What the task requires: Set down exactly the first line of the entries and every line after it, through the line with "Used-2007-Mercedes-Benz-SL-Class-SL-550".

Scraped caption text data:
★ ★ ★ ★ ★

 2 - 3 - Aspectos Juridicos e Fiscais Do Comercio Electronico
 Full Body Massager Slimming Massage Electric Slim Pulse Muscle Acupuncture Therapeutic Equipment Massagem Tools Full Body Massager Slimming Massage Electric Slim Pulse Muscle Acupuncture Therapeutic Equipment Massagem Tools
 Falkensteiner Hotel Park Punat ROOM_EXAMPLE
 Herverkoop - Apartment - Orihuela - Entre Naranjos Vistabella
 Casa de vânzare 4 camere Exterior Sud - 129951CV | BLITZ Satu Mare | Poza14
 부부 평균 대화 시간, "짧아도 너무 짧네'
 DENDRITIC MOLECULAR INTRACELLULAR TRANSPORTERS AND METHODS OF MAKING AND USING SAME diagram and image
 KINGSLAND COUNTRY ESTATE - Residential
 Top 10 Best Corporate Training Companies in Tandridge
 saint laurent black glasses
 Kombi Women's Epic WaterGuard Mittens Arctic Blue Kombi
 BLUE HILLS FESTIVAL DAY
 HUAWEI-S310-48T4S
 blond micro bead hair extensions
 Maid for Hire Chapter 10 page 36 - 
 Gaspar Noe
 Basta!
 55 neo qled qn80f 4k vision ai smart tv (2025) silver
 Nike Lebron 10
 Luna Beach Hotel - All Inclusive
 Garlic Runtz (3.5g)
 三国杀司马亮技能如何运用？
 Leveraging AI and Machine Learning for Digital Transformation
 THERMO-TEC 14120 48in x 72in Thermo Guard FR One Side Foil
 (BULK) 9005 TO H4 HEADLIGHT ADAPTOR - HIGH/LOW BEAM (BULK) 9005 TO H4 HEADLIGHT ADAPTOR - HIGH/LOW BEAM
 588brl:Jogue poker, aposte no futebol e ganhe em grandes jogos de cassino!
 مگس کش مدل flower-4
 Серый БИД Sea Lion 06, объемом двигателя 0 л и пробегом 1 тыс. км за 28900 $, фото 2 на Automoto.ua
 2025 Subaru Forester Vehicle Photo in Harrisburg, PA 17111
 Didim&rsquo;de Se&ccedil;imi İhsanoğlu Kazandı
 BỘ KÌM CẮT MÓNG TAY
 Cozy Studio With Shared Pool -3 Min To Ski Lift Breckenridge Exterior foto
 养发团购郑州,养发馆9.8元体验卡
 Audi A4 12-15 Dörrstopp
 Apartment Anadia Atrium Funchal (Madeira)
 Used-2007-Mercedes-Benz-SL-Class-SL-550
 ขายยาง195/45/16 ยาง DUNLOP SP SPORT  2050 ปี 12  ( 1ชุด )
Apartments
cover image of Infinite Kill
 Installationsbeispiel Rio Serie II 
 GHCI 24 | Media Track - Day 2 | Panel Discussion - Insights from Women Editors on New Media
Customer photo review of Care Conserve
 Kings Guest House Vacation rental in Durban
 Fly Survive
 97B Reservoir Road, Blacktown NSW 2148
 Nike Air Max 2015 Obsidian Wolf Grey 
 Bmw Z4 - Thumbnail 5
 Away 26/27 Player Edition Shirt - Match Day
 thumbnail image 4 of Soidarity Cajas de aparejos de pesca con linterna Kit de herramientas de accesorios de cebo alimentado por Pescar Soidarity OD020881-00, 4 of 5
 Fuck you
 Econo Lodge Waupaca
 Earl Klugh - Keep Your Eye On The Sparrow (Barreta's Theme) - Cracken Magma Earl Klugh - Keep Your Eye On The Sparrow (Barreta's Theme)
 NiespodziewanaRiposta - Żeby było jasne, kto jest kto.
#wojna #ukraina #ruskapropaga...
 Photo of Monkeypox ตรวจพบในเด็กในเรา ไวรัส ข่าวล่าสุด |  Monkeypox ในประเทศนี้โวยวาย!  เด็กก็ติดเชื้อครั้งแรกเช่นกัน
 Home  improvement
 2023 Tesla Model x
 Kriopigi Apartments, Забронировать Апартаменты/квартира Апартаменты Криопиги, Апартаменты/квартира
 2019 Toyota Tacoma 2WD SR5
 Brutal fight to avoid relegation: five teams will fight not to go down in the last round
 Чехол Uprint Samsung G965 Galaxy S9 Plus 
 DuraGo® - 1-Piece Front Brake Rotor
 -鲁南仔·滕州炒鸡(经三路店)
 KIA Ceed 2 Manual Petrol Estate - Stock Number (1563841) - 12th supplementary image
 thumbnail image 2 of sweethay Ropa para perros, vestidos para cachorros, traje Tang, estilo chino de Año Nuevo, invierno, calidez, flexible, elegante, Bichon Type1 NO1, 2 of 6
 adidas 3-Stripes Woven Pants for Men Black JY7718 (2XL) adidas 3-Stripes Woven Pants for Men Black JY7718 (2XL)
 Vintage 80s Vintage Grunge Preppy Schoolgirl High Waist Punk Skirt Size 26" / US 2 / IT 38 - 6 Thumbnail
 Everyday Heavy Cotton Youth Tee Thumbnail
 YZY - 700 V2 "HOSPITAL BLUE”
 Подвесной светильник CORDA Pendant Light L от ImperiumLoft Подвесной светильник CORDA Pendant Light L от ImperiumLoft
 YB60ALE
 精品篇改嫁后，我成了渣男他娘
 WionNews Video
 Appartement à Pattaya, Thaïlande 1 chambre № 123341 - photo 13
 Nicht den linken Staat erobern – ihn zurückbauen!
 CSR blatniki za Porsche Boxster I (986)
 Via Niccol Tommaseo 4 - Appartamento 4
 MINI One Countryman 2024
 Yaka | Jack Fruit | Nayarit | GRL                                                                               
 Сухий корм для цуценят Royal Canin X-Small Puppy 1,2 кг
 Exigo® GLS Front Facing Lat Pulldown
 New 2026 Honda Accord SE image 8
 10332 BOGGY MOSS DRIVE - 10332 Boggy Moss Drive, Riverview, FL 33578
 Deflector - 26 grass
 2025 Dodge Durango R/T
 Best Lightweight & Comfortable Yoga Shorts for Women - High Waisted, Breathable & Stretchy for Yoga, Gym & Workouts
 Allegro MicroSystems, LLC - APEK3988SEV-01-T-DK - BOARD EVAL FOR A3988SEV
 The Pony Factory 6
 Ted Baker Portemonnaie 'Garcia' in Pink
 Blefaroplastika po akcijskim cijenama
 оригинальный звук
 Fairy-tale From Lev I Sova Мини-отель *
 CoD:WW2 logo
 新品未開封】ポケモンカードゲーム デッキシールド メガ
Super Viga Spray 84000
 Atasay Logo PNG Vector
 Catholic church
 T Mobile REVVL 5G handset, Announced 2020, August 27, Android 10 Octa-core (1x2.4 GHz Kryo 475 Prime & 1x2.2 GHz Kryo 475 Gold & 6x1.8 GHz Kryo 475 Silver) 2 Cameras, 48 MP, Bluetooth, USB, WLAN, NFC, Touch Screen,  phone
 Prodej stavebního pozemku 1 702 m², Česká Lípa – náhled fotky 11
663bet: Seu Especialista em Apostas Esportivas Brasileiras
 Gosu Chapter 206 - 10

★ ★ ★ ★ ★

Result for this exercise:
 2 - 3 - Aspectos Juridicos e Fiscais Do Comercio Electronico
 Full Body Massager Slimming Massage Electric Slim Pulse Muscle Acupuncture Therapeutic Equipment Massagem Tools Full Body Massager Slimming Massage Electric Slim Pulse Muscle Acupuncture Therapeutic Equipment Massagem Tools
 Falkensteiner Hotel Park Punat ROOM_EXAMPLE
 Herverkoop - Apartment - Orihuela - Entre Naranjos Vistabella
 Casa de vânzare 4 camere Exterior Sud - 129951CV | BLITZ Satu Mare | Poza14
 부부 평균 대화 시간, "짧아도 너무 짧네'
 DENDRITIC MOLECULAR INTRACELLULAR TRANSPORTERS AND METHODS OF MAKING AND USING SAME diagram and image
 KINGSLAND COUNTRY ESTATE - Residential
 Top 10 Best Corporate Training Companies in Tandridge
 saint laurent black glasses
 Kombi Women's Epic WaterGuard Mittens Arctic Blue Kombi
 BLUE HILLS FESTIVAL DAY
 HUAWEI-S310-48T4S
 blond micro bead hair extensions
 Maid for Hire Chapter 10 page 36 - 
 Gaspar Noe
 Basta!
 55 neo qled qn80f 4k vision ai smart tv (2025) silver
 Nike Lebron 10
 Luna Beach Hotel - All Inclusive
 Garlic Runtz (3.5g)
 三国杀司马亮技能如何运用？
 Leveraging AI and Machine Learning for Digital Transformation
 THERMO-TEC 14120 48in x 72in Thermo Guard FR One Side Foil
 (BULK) 9005 TO H4 HEADLIGHT ADAPTOR - HIGH/LOW BEAM (BULK) 9005 TO H4 HEADLIGHT ADAPTOR - HIGH/LOW BEAM
 588brl:Jogue poker, aposte no futebol e ganhe em grandes jogos de cassino!
 مگس کش مدل flower-4
 Серый БИД Sea Lion 06, объемом двигателя 0 л и пробегом 1 тыс. км за 28900 $, фото 2 на Automoto.ua
 2025 Subaru Forester Vehicle Photo in Harrisburg, PA 17111
 Didim&rsquo;de Se&ccedil;imi İhsanoğlu Kazandı
 BỘ KÌM CẮT MÓNG TAY
 Cozy Studio With Shared Pool -3 Min To Ski Lift Breckenridge Exterior foto
 养发团购郑州,养发馆9.8元体验卡
 Audi A4 12-15 Dörrstopp
 Apartment Anadia Atrium Funchal (Madeira)
 Used-2007-Mercedes-Benz-SL-Class-SL-550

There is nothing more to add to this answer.